● REQUIREMENT
Nothing but the records, transcribed verbatim and stripped of images, should appear in the answer.

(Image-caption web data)
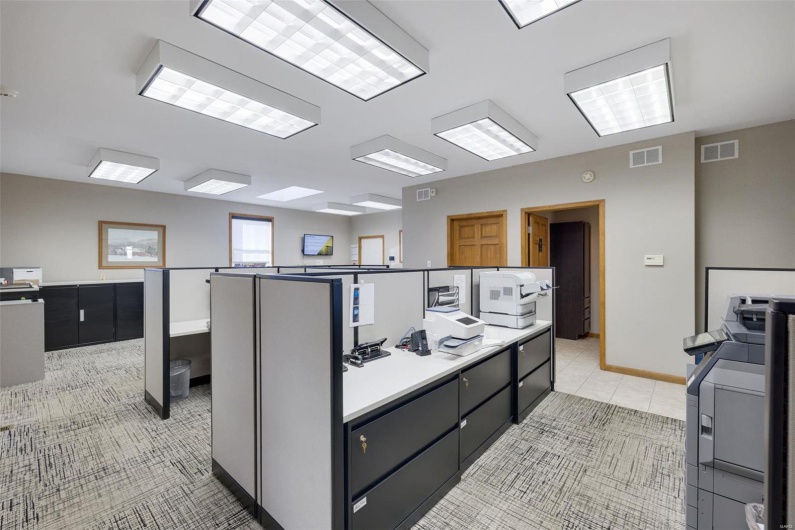 Kitchen with range and light tile patterned floors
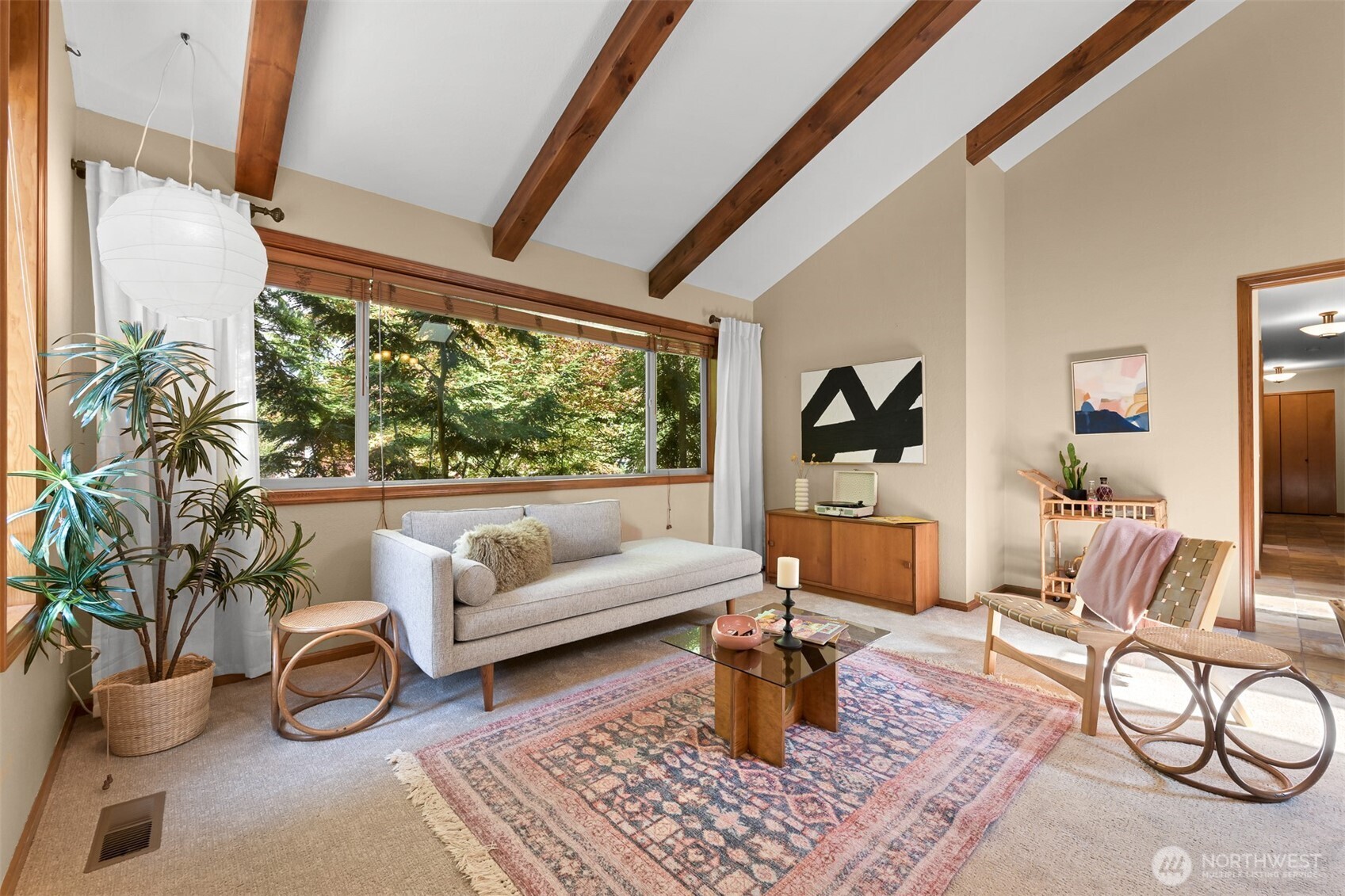 Living room with exposed wood ceiling beams, a wide window, gray sofa, and patterned rug.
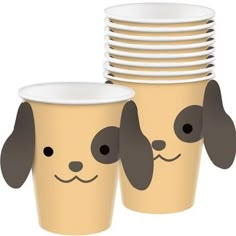 a stack of paper cups with dogs drawn on the sides and faces in different shapes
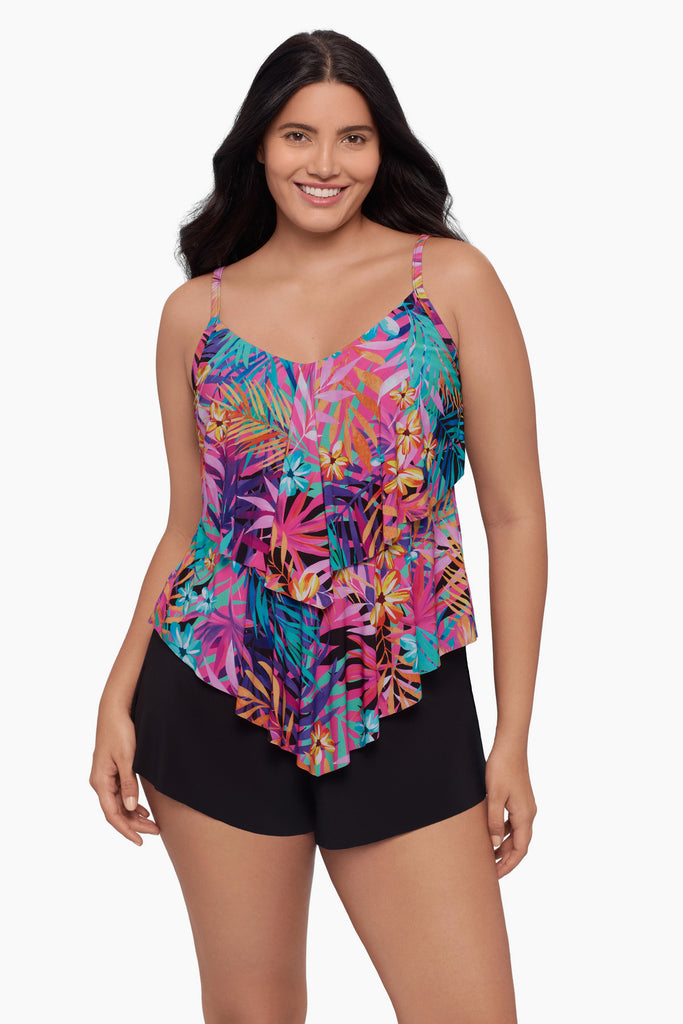 Woman wearing a tiered tankini top with a neon palm leaf print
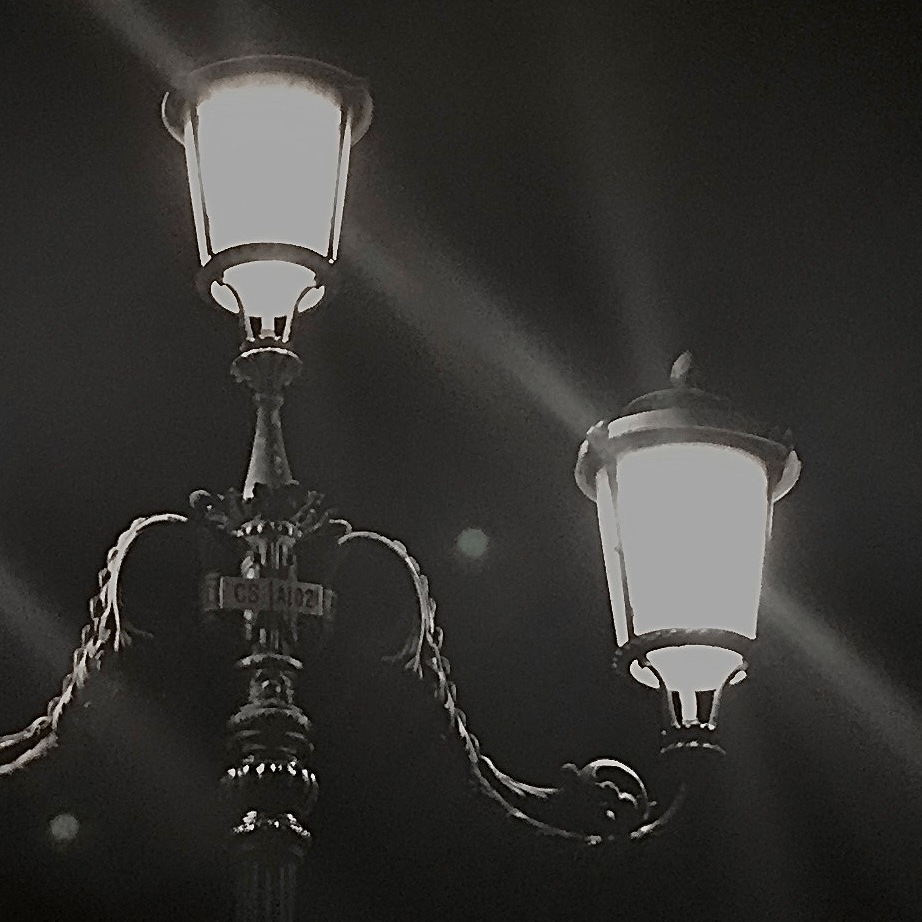 A photograph of a lamppost, edited to have high contrast.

● RESPONSE TO THIS TASK
 Kitchen with range and light tile patterned floors
 Living room with exposed wood ceiling beams, a wide window, gray sofa, and patterned rug.
 a stack of paper cups with dogs drawn on the sides and faces in different shapes
 Woman wearing a tiered tankini top with a neon palm leaf print
 A photograph of a lamppost, edited to have high contrast.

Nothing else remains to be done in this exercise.